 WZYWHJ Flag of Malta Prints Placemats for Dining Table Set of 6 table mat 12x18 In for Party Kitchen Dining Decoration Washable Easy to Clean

.....

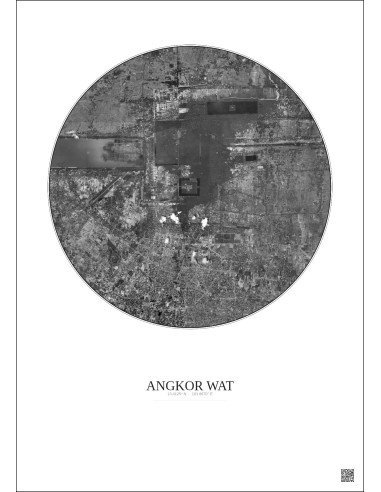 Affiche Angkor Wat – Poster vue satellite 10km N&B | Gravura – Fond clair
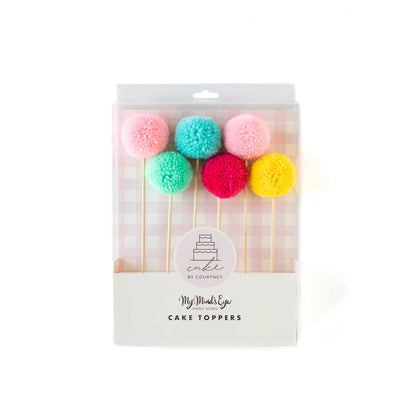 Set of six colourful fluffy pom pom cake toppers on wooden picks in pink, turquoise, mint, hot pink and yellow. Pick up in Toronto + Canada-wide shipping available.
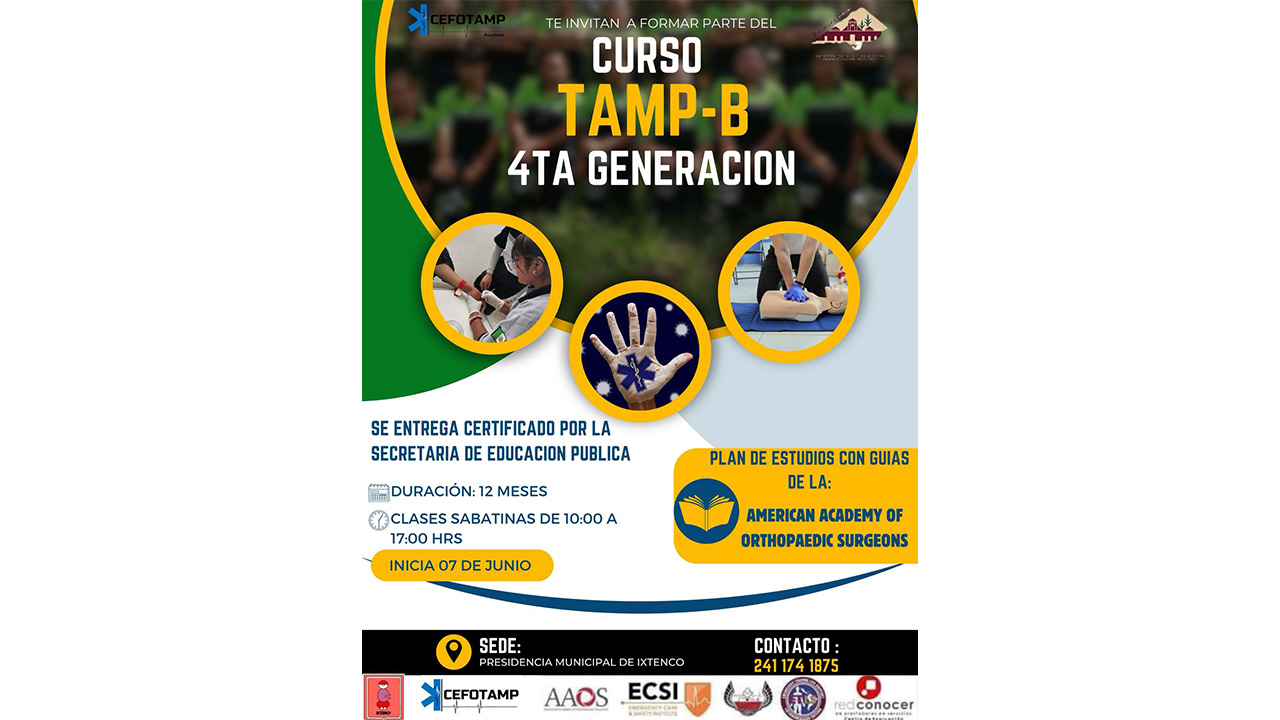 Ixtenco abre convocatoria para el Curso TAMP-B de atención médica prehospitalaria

.....

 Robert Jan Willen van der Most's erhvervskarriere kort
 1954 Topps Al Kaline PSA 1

.....

## Task requirements
Of all the entries above, retype exactly the lines from the line with "Robert Jan Willen" to the line with "1954 Topps Al Kaline PSA 1", both included, and no others.

## Task response
 Robert Jan Willen van der Most's erhvervskarriere kort
 1954 Topps Al Kaline PSA 1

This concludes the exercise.